Salesforce drops 350,000 SF in the SF desktop market

Left to right: Salesforce co-CEOs Bret Taylor and Marc Benioff with Salesforce West at 50 Fremont Street (Salesforce, Dead.rabbit, CC BY-SA 4.0/via Wikimedia Commons, iStock)

Salesforce, San Francisco’s largest employer, is cutting 350,000 square feet of office space by leasing more than a third of its 43-story tower in the Financial District.

The tech giant leases 40% of its Salesforce West building at 50 Fremont St., the San Francisco Chronicle reported, citing data from CoStar. This is his third job cut since the pandemic.

This reduction indicates a drop in demand for office workspaces in the age of remote work. The city’s office vacancy rate has quadrupled to over 21% since 2020.

The Salesforce roster ranks among the largest office craters in the city, with room for around 1,750 workers. The company said it would retain the building and reoccupy the space as needed.
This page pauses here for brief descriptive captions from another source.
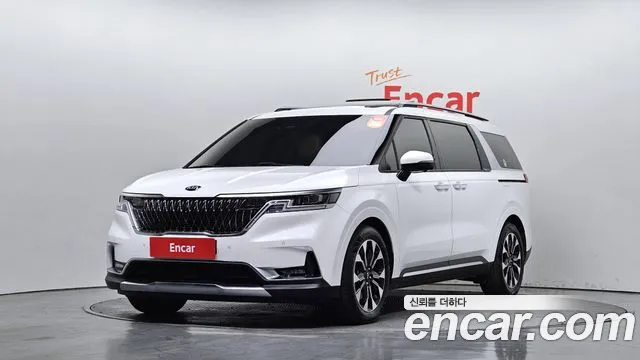 Kia Carnival Gasoline 7-Seater Signature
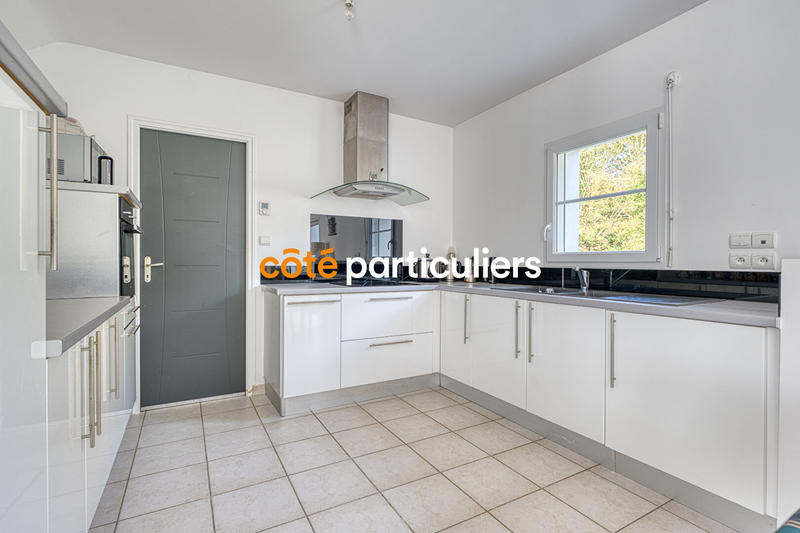 Maison - 97 m² - 5 pièces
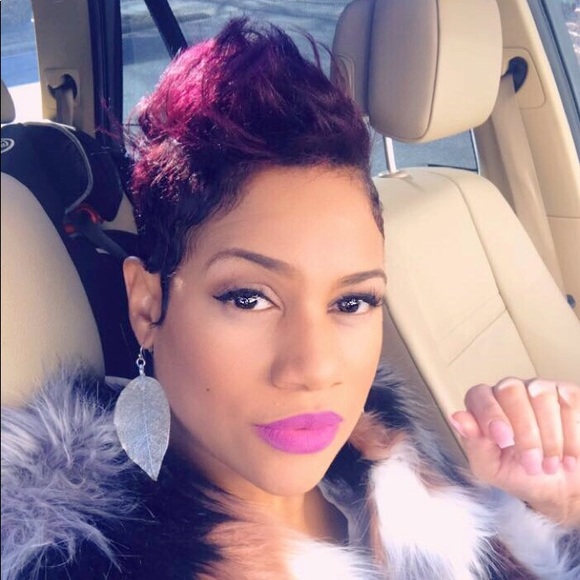 Profile Picture of Danielle Roche' (@sanctifiedgrl) on Poshmark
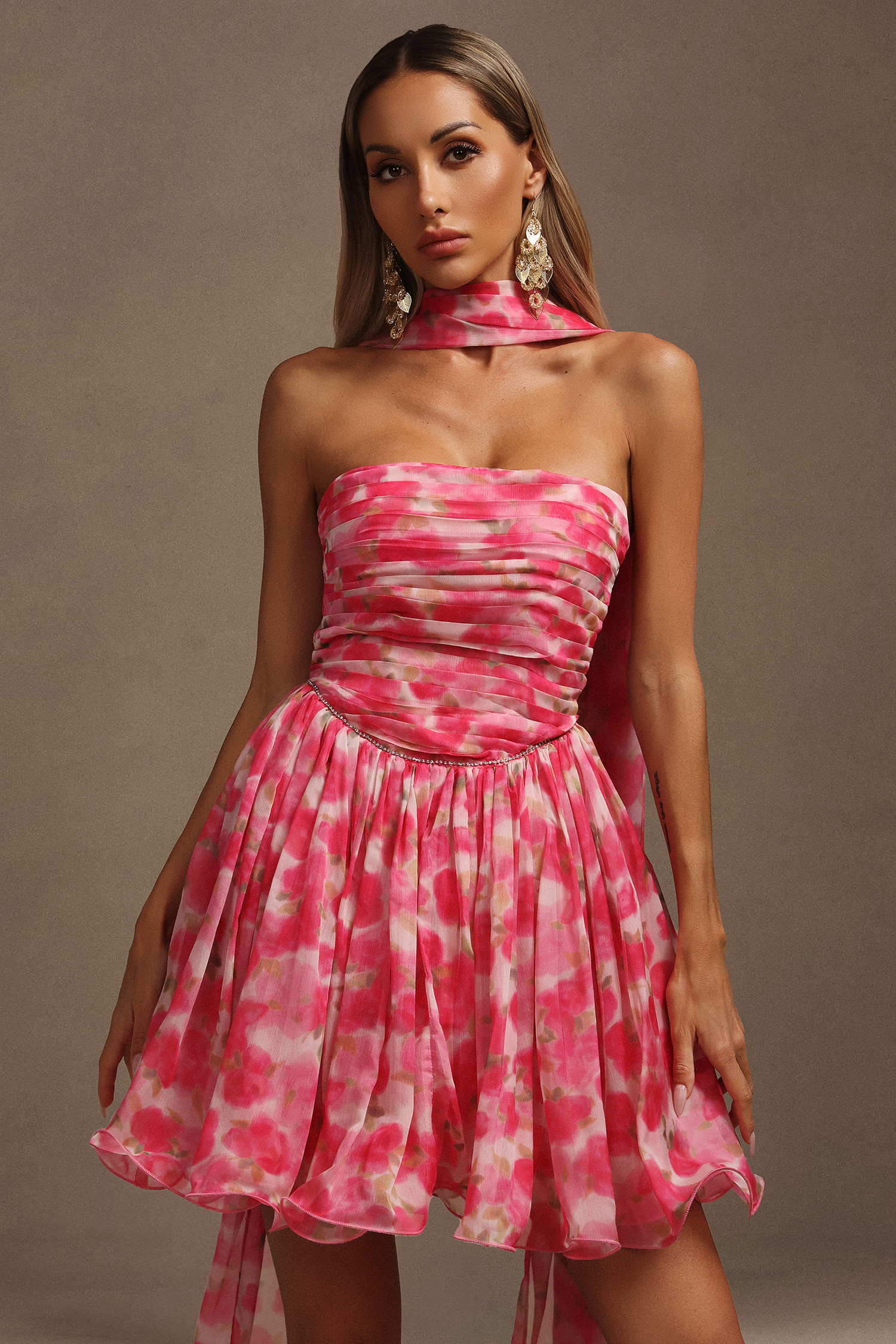 Quany Streamer Sleeveless Floral Printed Diamond Mini Dress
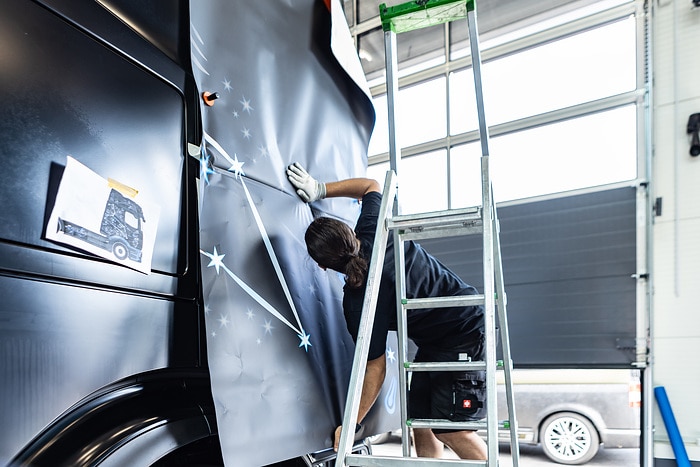 Boxenstopp am Nürburgring: Mercedes-Benz Trucks zeigt 30 Jahre Actros beim Truck Grand Prix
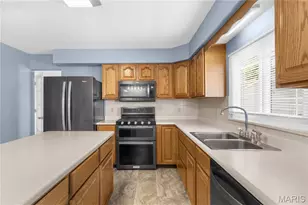 37 Meadow Spring Dr, Saint Charles, MO 63303 - Photo 11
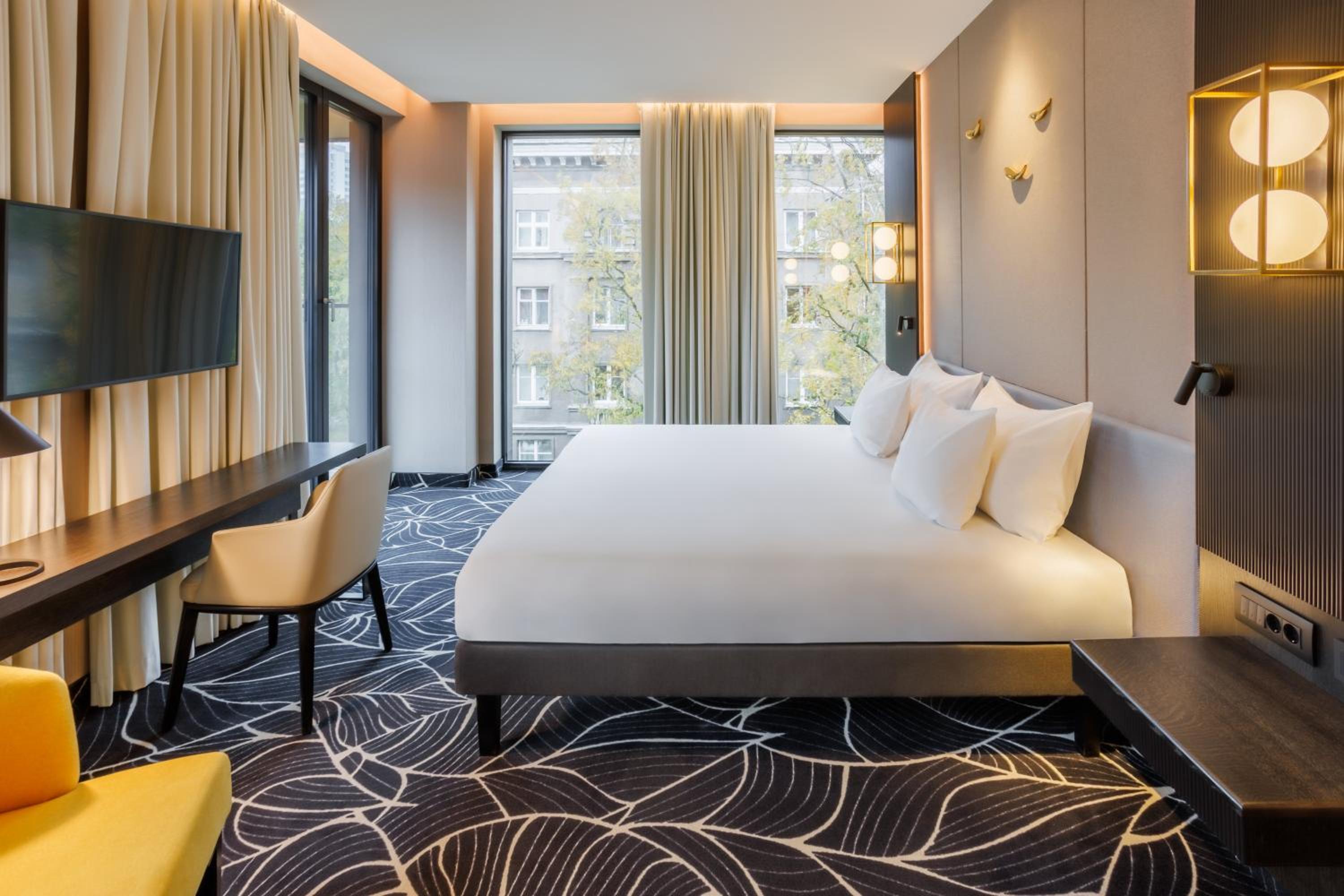 Executive Suite with Balcony photo 1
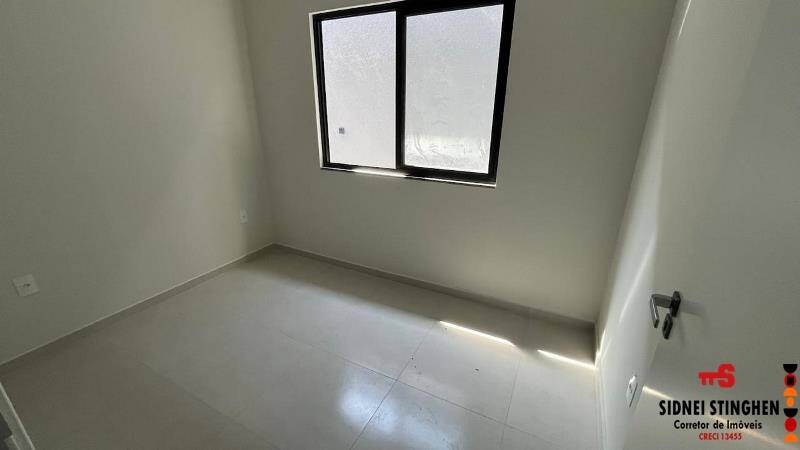 Casa à venda com 2 quartos, 62m² - Foto 10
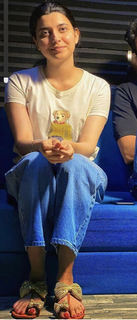 Nimrat Khaira feet photo thumbnail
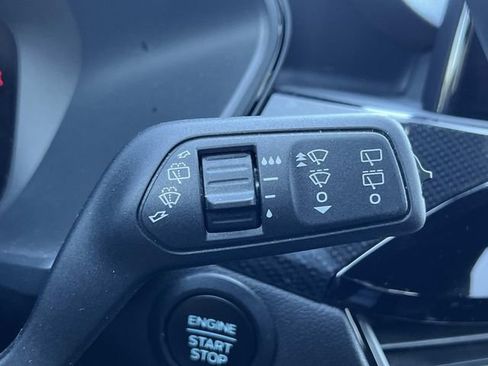 Certified 2023 Ford Escape ST-Line AWD/4WD image 31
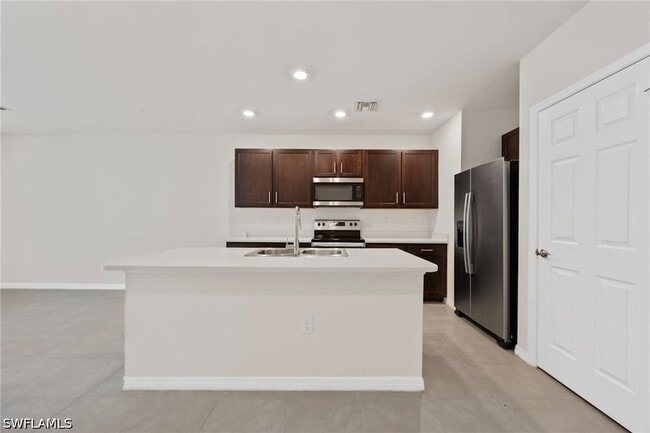 Foto del edificio - 15071 Wildflower Cir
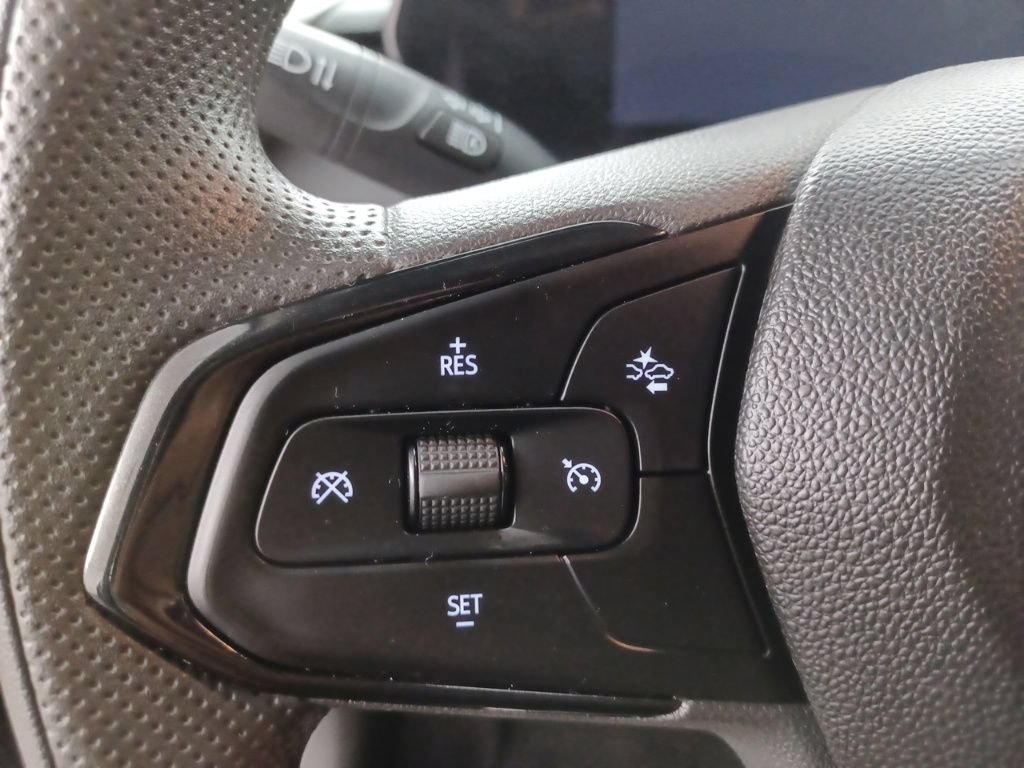Used 2025 Chevrolet TrailBlazer LT FWD image 19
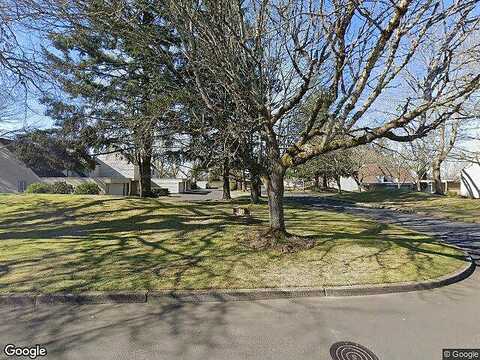 Ne Village Squire Ave, Gresham, OR 97030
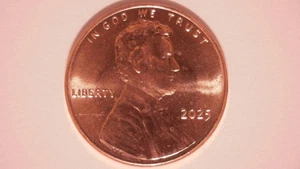 2025-P TWO EYE`S Chip on Shield Penny Dbl Die Obverse Error`s Rare #022 - Picture 1 of 16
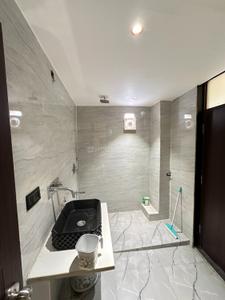 Bathroom Image of 2200 Sq.ft 6 BHK Independent House for sale in Mahmoorganj Varanasi for Rs. 15000000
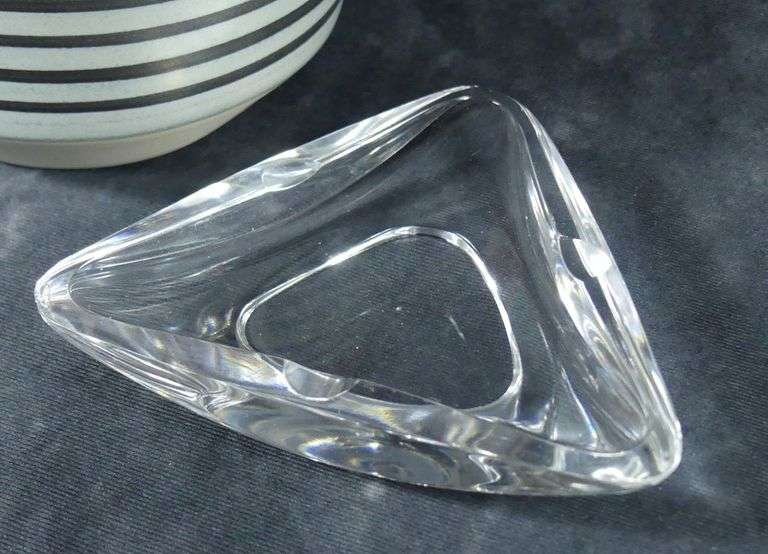 PAIR MCM CRYSTAL ASHTRAYS & CERAMIC VASE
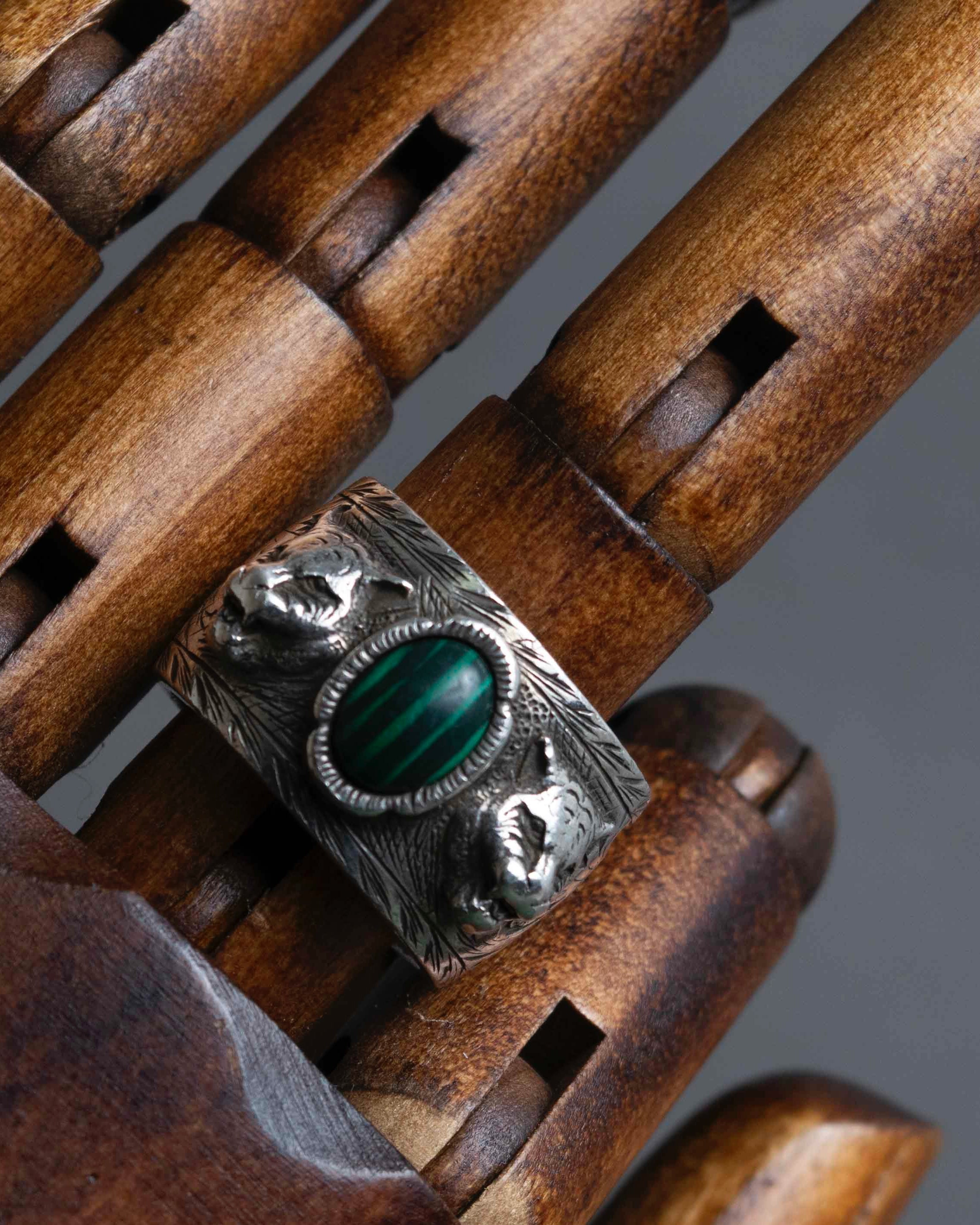 "GUCCI" Double tiger head motif silver ring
“Salesforce desktops are an important part of our culture, and the way we use them has evolved. We sublet floors in Salesforce West to make the most of our real estate footprint,” the company said in a statement.

The company bought 50 Fremont St. in 2015 for $638 million, before the Salesforce Tower was built across the street. It employs 10,000 workers in the city, who have been allowed to work from home permanently for part of the week.

Last year, he sublet the Salesforce East tower space at 350 Mission St. to Yelp and Sephora, showing the demand for high-quality, centrally located offices. At the same time, he canceled his 325,000 square foot lease at the unbuilt Parcel F tower.

Slack, the messaging company now owned by Salesforce, has listed 200,000 square feet under sublease near 45 Fremont, the San Francisco Business Times communicated in February.

Salesforce continues to expand into other cities, with plans for Salesforce Towers in Chicago, Dublin, Sydney and Tokyo over the next two years. The tech industry is now expanding outside the Bay Area, where real estate costs and wages are lower.

The company said it was hiring more selectively as challenges such as inflation and fears of a recession cloud the economic outlook.

Major tech companies have reduced or closed offices in San Francisco during the pandemic, including Coinbase, Pinterest, Block, Taskrabbit and PayPal.

Of the 14 companies and businesses that have scaled back or disclosed plans this year to shrink their Bay Area office footprints by at least 50,000 square feet, 10 are looking to do so in San Francisco.

San Francisco-based companies, or those with offices in the city, have freed up or plan to vacate nearly 1.8 million square feet of space, according to The real dealthe research.

That’s nearly three-quarters of the roughly 2.5 million square feet of property in the Bay Area that businesses have either abandoned or announced plans to abandon this year.